**Your task:** Reproduce the listing that follows character for character, excluding its pictures.

**Information shown:**

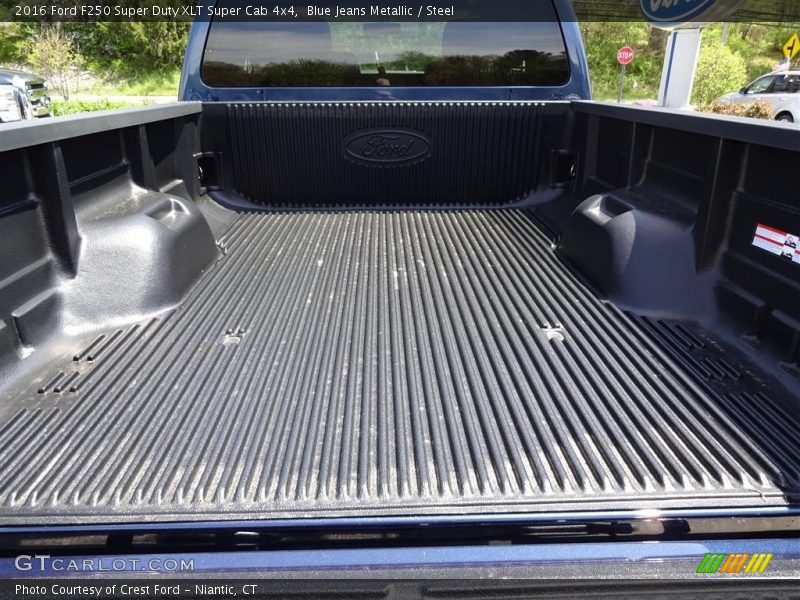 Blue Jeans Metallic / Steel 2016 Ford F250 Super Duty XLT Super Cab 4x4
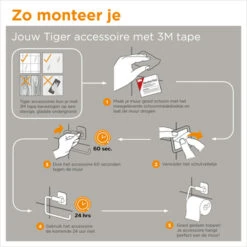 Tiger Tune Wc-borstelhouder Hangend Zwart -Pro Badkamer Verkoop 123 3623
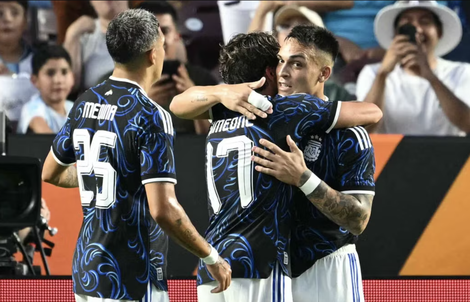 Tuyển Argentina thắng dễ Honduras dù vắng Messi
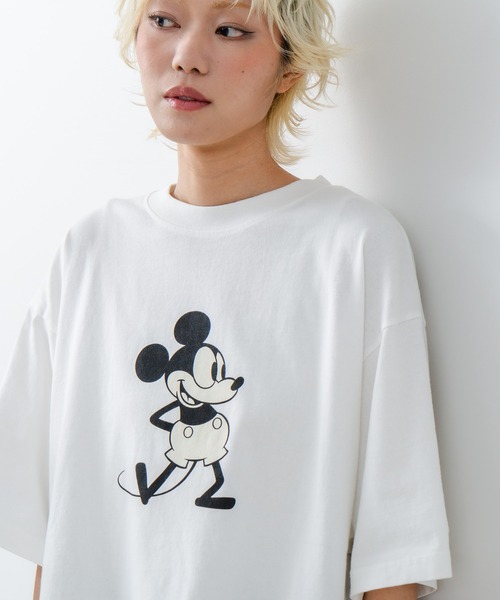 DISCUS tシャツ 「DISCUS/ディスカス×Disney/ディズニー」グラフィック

**Your response:**
 Blue Jeans Metallic / Steel 2016 Ford F250 Super Duty XLT Super Cab 4x4
 Tiger Tune Wc-borstelhouder Hangend Zwart -Pro Badkamer Verkoop 123 3623
 Tuyển Argentina thắng dễ Honduras dù vắng Messi
 DISCUS tシャツ 「DISCUS/ディスカス×Disney/ディズニー」グラフィック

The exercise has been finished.